‘k Ben Brahman. Maar we zitten zonder meid
‘k Ben Brahman. Maar we zitten zonder meid.
Ik doe in huis het een’ge dat ik kan:
‘K gooi mijn vuilwater weg en vul de kan;
Maar ‘k heb geen droogdoek; en ik mors altijd.
Zij zegt, dat dat geen werk is voor een man.
En ‘k voel me hulp’loos en vol zelfverwijt,
Als zij mijn lang verwende onpraktischheid
Verwent met wat ze toverde in de pan.
En steeds vereerde ik Hem, die zich ontvouwt
Tot feeërie van wereld, kunst en weten:
Als zij me geeft mijn bordje havermout,
En ‘k zie, haar vingertoppen zijn gespleten,
Dan voel ik éénzelfde adoratie branden
Voor Zon, Bach, Kant, en haar vereelte handen.

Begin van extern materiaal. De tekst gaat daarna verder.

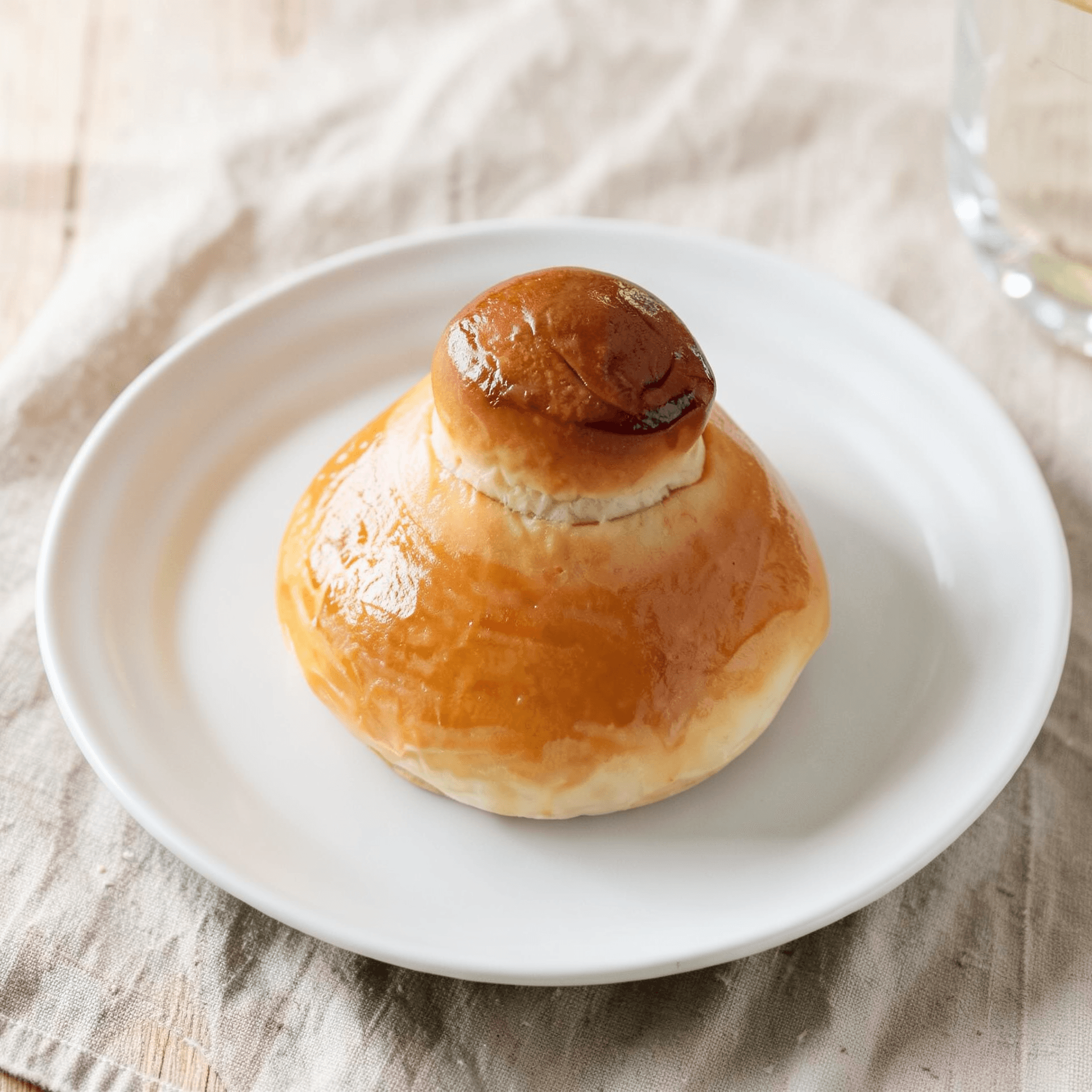 Sicilian Brioche col Tuppo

Brahman is een begrip uit het Hindoeïsme, waarin staat voor de onveranderlijke werkelijkheid, die uit zuiver zijn en bewustzijn bestaat. Het is oerstof, eeuwigheid en leeft in ons diepste innerlijk als Atman als onze oorsprong. Dèr Mouw, die dichtte onder het pseudoniem Advaita, wat kan vertaald worden als non-dualiteit, tweeheidsloze, schtets in de openingszin van bovenstaand gedicht het diepste dilemma in zijn leven: die tussen De Idee en absolute Ideaal en de alledaagse werkelijkheid. Uiteindelijk komt hij uit bij de gelijkwaardigheid van het Grootse, zoals Zon, Bach en Kant en de dienstbode met haar vereelte handen. We kijken in de ziel van deze dichter,zijn ‘Anliegen’: de eenheid, harmonie,balans ‘ tussen het grote en het kleine, het nietige en het kolossale: een melkweg en een kindertraan’ (Wikipedia)
Proef het gedicht woord voor woord, laat het beeld zich aan je opdringen en je wordt overweldigd door schoonheid van taal en kracht van boodschap.